# WORK ORDER
Whenever a line in the data holds the string "Book", pull that line out.

BEGIN SUPPLIED MATERIAL

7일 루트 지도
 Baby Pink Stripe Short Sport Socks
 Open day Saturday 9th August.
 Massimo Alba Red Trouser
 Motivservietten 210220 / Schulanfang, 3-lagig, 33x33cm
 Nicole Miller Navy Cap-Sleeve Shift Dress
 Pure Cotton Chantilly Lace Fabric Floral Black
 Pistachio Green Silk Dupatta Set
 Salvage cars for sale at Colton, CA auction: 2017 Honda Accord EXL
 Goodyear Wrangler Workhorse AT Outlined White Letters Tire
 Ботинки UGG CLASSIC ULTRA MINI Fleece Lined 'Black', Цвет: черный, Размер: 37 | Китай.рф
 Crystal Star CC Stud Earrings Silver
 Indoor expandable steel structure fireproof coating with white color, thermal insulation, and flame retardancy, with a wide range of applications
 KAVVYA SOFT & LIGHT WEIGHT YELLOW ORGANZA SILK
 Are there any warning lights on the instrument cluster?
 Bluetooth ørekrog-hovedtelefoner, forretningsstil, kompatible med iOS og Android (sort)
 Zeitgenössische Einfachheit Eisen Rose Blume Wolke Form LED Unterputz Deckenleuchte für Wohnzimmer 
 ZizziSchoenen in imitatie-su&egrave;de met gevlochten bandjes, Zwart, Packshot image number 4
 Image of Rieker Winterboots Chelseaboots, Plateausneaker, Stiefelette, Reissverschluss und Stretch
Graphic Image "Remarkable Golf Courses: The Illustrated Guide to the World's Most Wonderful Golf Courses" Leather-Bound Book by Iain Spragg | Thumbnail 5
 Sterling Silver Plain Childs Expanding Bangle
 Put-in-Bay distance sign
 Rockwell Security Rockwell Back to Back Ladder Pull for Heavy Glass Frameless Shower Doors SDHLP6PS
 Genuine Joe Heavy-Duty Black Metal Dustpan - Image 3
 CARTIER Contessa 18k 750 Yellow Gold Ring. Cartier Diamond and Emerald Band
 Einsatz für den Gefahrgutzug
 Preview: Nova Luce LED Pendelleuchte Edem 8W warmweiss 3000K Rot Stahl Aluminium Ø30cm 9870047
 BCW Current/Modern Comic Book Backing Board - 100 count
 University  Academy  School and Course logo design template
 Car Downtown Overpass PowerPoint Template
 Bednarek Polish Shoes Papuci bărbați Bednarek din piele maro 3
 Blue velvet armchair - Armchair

END SUPPLIED MATERIAL

# TASK RESPONSE
Graphic Image "Remarkable Golf Courses: The Illustrated Guide to the World's Most Wonderful Golf Courses" Leather-Bound Book by Iain Spragg | Thumbnail 5
 BCW Current/Modern Comic Book Backing Board - 100 count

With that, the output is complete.